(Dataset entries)
▼

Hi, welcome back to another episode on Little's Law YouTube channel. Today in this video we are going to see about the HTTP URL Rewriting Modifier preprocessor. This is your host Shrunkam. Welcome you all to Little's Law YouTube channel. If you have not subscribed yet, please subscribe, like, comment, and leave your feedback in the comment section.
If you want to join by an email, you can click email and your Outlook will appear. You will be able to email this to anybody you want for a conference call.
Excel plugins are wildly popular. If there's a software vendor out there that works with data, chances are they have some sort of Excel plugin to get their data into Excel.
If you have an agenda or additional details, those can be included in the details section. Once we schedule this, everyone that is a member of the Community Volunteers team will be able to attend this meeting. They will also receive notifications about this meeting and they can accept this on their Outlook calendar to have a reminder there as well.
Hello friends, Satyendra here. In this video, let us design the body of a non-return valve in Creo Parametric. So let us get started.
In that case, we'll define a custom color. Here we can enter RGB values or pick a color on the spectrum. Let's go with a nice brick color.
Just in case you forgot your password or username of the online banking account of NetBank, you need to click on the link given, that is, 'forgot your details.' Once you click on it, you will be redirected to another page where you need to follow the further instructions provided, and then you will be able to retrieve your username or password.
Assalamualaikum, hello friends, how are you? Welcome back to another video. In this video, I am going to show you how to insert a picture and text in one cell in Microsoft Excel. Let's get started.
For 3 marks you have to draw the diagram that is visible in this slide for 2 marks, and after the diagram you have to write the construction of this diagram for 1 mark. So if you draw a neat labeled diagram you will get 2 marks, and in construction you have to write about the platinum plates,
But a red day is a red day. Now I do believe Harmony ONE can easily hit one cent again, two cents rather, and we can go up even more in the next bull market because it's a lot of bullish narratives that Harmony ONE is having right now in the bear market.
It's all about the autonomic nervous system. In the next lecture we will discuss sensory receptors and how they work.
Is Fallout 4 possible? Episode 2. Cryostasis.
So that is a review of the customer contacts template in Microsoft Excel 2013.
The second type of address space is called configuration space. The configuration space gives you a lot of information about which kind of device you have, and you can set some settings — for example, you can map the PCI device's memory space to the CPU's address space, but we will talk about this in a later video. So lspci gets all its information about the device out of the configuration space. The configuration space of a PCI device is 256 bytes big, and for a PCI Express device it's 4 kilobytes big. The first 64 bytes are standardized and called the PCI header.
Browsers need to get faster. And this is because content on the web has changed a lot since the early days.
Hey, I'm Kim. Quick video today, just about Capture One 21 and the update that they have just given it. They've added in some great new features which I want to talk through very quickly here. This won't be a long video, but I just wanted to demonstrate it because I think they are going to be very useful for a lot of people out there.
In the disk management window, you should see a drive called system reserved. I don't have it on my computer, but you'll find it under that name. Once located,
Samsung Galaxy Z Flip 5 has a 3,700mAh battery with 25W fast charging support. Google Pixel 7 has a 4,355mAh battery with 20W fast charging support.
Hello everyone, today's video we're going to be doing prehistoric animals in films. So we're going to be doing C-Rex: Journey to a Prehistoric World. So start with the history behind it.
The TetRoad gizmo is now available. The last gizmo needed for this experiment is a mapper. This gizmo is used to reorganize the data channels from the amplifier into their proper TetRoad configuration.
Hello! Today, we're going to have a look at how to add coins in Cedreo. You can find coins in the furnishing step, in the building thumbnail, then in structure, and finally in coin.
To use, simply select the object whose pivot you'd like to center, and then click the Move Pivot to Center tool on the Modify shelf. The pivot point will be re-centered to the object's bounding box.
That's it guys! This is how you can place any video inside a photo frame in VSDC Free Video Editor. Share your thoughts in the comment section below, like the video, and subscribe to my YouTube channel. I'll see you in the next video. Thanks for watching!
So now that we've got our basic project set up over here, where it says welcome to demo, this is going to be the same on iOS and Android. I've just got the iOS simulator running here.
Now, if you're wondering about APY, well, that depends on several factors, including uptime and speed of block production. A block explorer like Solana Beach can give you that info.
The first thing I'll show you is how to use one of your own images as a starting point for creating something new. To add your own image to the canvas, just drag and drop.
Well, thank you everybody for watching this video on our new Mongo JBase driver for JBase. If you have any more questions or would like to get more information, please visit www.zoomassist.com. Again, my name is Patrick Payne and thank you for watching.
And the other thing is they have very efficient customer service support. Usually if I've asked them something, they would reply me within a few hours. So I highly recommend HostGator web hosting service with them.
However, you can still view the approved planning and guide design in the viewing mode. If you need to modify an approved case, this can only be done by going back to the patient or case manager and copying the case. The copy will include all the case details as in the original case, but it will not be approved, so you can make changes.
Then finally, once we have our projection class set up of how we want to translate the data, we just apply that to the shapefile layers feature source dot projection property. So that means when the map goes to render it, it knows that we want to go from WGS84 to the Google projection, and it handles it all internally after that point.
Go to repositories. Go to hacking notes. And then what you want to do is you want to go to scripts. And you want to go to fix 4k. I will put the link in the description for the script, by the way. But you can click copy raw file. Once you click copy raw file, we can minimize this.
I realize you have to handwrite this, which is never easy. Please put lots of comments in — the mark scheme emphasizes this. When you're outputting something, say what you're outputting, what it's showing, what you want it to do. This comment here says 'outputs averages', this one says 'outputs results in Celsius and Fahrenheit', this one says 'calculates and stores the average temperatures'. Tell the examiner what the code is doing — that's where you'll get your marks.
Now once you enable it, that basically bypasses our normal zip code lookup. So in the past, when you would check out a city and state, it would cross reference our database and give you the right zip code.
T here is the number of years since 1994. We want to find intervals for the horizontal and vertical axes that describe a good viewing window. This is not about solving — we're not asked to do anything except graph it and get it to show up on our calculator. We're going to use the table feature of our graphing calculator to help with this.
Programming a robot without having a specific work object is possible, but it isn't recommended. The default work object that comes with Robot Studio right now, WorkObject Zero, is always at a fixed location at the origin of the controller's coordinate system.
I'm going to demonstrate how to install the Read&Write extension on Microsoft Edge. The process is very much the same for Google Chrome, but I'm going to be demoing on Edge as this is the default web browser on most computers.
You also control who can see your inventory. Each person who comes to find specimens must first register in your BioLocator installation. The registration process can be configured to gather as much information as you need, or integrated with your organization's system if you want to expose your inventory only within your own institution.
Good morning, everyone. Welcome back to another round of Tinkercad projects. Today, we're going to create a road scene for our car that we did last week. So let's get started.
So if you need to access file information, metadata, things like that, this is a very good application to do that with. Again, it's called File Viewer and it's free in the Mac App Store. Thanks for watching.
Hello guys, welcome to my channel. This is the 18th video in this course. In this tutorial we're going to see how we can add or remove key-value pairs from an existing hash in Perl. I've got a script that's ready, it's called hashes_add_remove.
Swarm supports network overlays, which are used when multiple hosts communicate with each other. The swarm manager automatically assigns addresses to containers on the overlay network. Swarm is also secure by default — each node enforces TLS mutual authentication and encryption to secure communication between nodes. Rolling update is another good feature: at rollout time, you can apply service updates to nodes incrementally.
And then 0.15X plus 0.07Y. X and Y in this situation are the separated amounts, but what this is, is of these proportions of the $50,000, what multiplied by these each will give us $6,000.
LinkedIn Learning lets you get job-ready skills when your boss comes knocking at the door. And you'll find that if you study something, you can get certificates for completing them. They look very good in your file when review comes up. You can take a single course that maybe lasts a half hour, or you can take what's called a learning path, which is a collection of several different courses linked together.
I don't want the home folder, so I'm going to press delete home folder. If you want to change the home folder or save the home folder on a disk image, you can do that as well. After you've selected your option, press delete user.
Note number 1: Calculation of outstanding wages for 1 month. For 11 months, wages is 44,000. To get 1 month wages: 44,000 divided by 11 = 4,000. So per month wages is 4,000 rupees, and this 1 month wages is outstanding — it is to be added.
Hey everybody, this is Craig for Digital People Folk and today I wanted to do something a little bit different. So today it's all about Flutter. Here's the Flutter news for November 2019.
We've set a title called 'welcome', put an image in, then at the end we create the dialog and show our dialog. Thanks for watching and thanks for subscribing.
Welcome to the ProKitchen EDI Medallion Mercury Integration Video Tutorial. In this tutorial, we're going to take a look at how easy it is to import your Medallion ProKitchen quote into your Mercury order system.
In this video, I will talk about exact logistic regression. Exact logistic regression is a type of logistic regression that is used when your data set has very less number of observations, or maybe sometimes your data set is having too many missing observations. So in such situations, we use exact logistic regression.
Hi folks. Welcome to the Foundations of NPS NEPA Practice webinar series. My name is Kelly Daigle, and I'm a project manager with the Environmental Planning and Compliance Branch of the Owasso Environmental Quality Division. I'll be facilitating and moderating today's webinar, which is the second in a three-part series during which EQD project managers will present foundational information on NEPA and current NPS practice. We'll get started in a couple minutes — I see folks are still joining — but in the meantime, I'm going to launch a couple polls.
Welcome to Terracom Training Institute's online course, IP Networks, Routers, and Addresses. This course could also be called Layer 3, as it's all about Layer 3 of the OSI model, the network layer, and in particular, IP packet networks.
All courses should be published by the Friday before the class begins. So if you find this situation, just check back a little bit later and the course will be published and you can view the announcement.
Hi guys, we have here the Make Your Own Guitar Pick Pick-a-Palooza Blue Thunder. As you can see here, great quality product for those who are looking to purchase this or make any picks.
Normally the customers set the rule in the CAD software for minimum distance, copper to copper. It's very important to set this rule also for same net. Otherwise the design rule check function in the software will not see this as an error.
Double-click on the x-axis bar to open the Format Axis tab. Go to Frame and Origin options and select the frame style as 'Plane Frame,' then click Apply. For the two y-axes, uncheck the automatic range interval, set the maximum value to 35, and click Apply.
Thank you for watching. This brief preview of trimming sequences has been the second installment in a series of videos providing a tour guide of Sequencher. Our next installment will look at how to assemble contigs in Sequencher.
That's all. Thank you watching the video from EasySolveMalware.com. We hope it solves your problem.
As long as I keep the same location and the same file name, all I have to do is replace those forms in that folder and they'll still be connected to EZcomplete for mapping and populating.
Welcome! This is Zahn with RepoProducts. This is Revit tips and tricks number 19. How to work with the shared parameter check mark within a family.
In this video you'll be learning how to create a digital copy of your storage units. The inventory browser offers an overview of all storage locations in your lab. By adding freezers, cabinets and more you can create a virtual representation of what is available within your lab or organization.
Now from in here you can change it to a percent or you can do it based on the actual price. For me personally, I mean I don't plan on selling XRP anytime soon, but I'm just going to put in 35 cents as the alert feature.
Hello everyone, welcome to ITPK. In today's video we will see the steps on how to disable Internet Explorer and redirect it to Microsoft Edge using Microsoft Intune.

▲

### Exercise prompt
Taking the entries above, write out exactly the lines starting with the line containing "The second type" and going on through the line containing "Samsung Galaxy Z", both included, and nothing else.

### Output of the task
The second type of address space is called configuration space. The configuration space gives you a lot of information about which kind of device you have, and you can set some settings — for example, you can map the PCI device's memory space to the CPU's address space, but we will talk about this in a later video. So lspci gets all its information about the device out of the configuration space. The configuration space of a PCI device is 256 bytes big, and for a PCI Express device it's 4 kilobytes big. The first 64 bytes are standardized and called the PCI header.
Browsers need to get faster. And this is because content on the web has changed a lot since the early days.
Hey, I'm Kim. Quick video today, just about Capture One 21 and the update that they have just given it. They've added in some great new features which I want to talk through very quickly here. This won't be a long video, but I just wanted to demonstrate it because I think they are going to be very useful for a lot of people out there.
In the disk management window, you should see a drive called system reserved. I don't have it on my computer, but you'll find it under that name. Once located,
Samsung Galaxy Z Flip 5 has a 3,700mAh battery with 25W fast charging support. Google Pixel 7 has a 4,355mAh battery with 20W fast charging support.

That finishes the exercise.